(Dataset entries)
○ ○ ○ ○
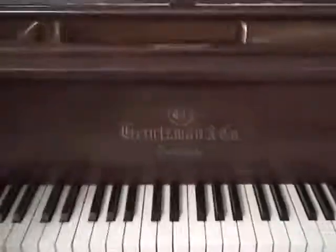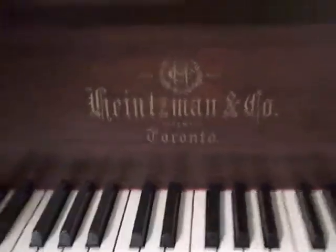Hi Donald, it's me, Bill, and I'm going to play this Heintzman for you. But there's the decal — you can see Heintzman on it.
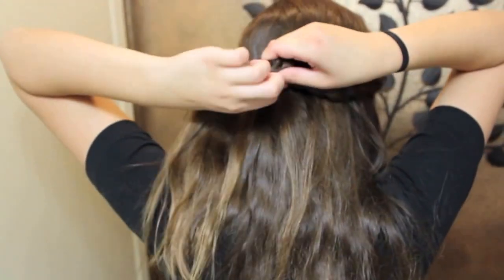Once you have your braids, all you're going to do is bring them to the back and secure it with an elastic.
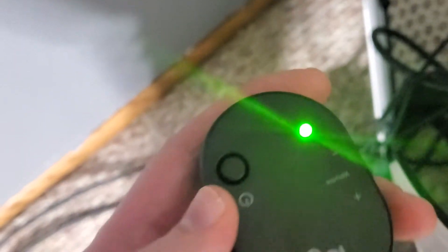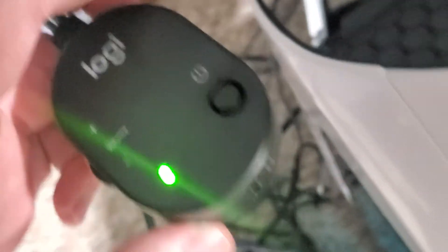Unplug it from there and run the cord from the speaker down to the back of this subwoofer and plug it in here. This is going to resolve your issue. Also make sure that this is powered on. This is a headphone jack if you want to listen to your audio through headphones, but unless you're doing that, for the speakers to work, just do it like I told you.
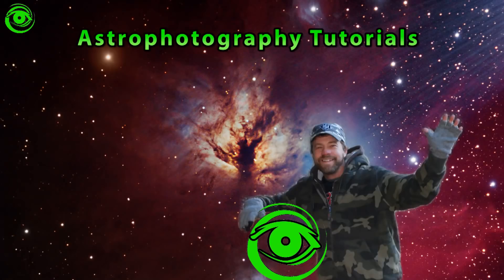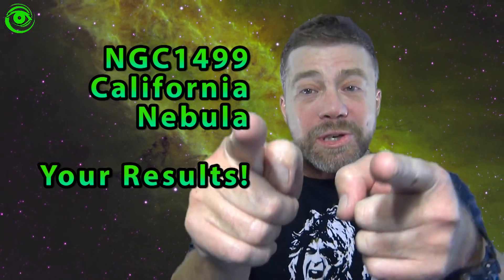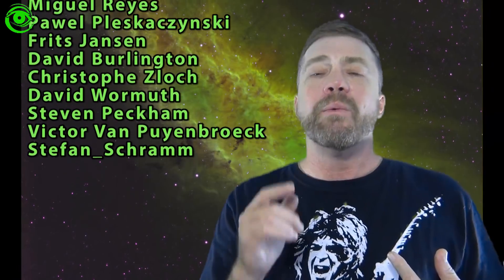Hello, my name is Doug Hubbell and welcome to Astrophotography Tutorials. Today is part three of the California Nebula series. In this video I'm going to show you your results — you returned back to me a bunch of great images, not a bad one in the bunch. Everyone did a fantastic job of processing the data and returning it. I want to thank you very much for doing that. Also, I would like to extend a special thank you to Stevan, who is allowing me to use his soundtrack 'Stellaris' from his Seven Lunas album. Thank you very much, Stevan. On with the show.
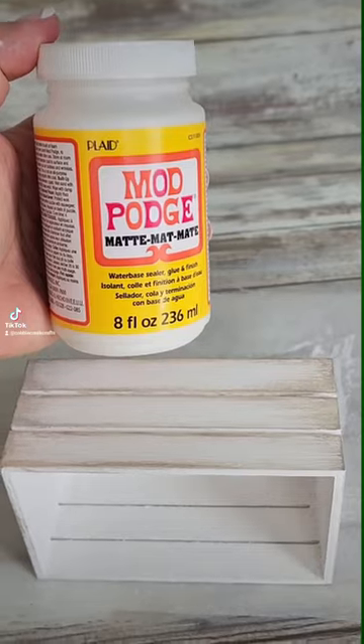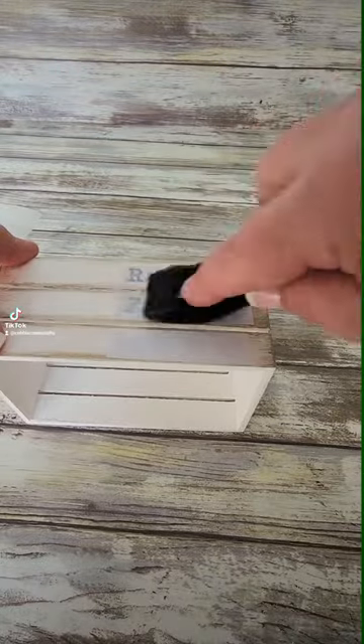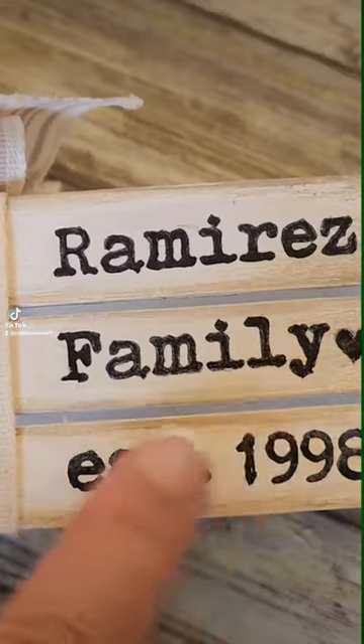I painted the crates in white chalk paint and in mineral to distress it. I glued Mod Podge on the reverse ink side, glued it down, let it dry fully, then used a slight wet sponge over the top and rubbed off the paper, leaving the black ink onto the crate.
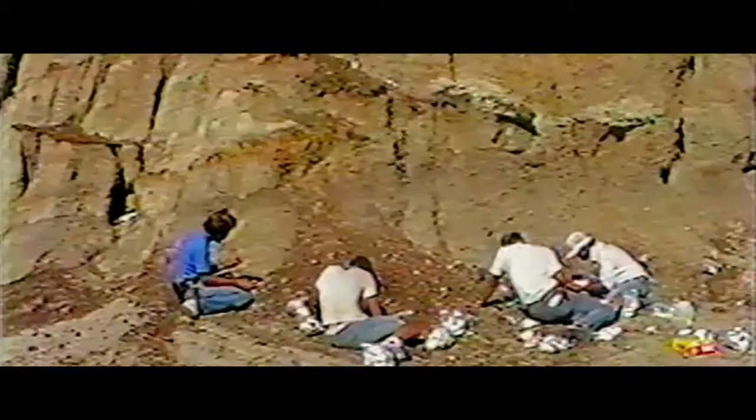We started by picking up all these thousands of fragments of bones and bagging them and labeling them.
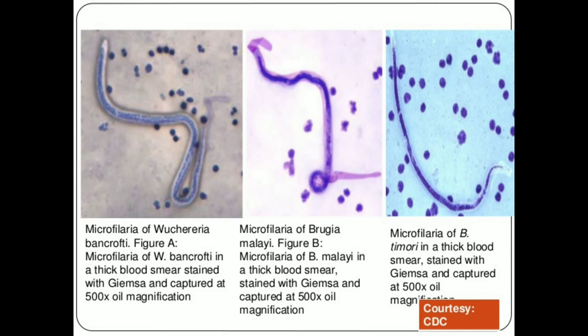The first image shows microfilaria of Wuchereria bancrofti in a thick blood smear stained with Giemsa stain, captured at 500x oil magnification. The second figure shows microfilaria of Brugia malayi in a thick blood smear stained with Giemsa stain, also at 500x oil magnification. The third picture is microfilaria of Brugia timori, also in a thick blood smear stained with Giemsa stain.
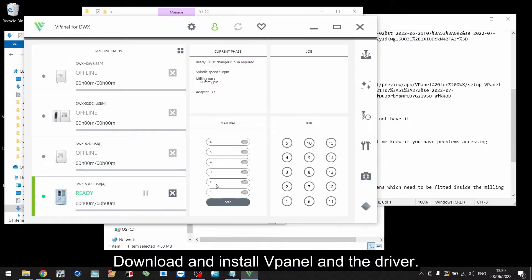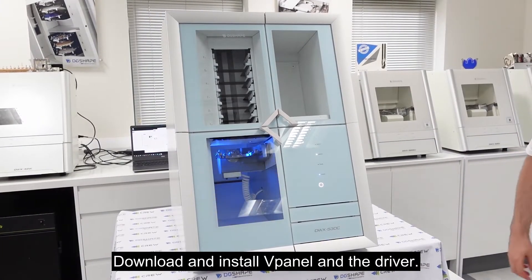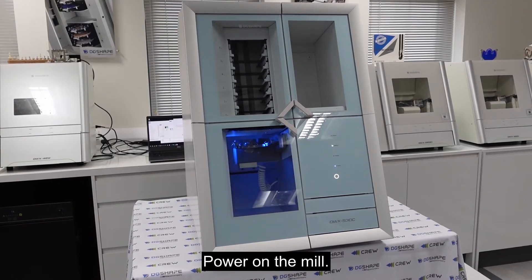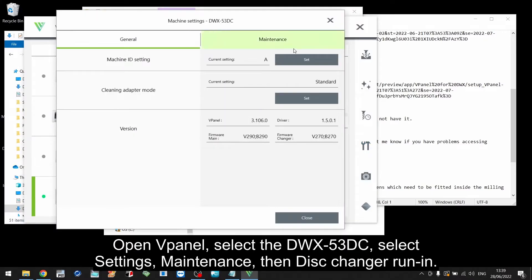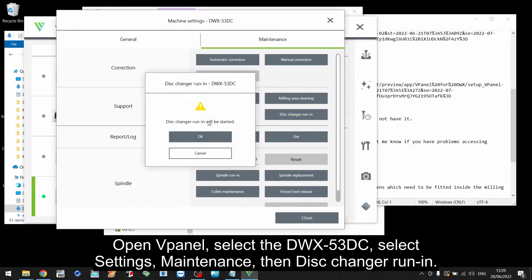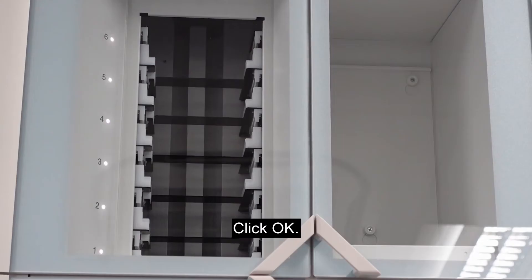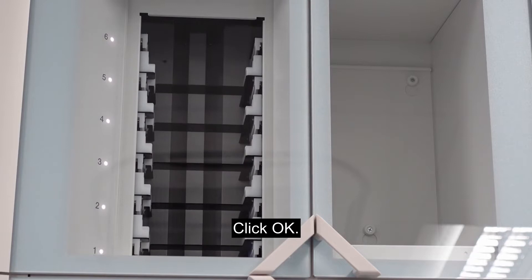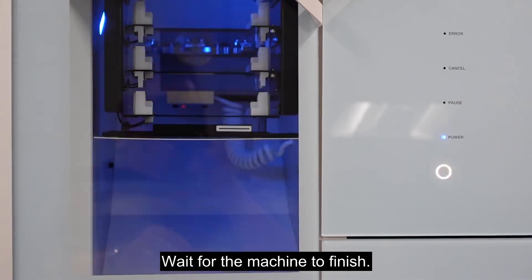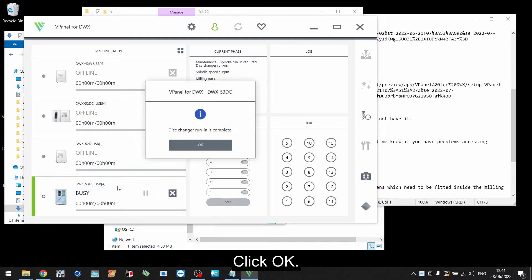Download and install V-Panel and the driver. Open V-Panel and select the DWX-53DC. Select Settings, then Maintenance, then Disk Change and Run-In. Click OK and wait for the machine to finish, then click OK.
○ ○ ○ ○
Exercise goal:
Only the lines from the top of the data through the line with "Unplug it from" should be quoted, exactly and with both ends kept; skip the pictures.

Written response:
Hi Donald, it's me, Bill, and I'm going to play this Heintzman for you. But there's the decal — you can see Heintzman on it.
Once you have your braids, all you're going to do is bring them to the back and secure it with an elastic.
Unplug it from there and run the cord from the speaker down to the back of this subwoofer and plug it in here. This is going to resolve your issue. Also make sure that this is powered on. This is a headphone jack if you want to listen to your audio through headphones, but unless you're doing that, for the speakers to work, just do it like I told you.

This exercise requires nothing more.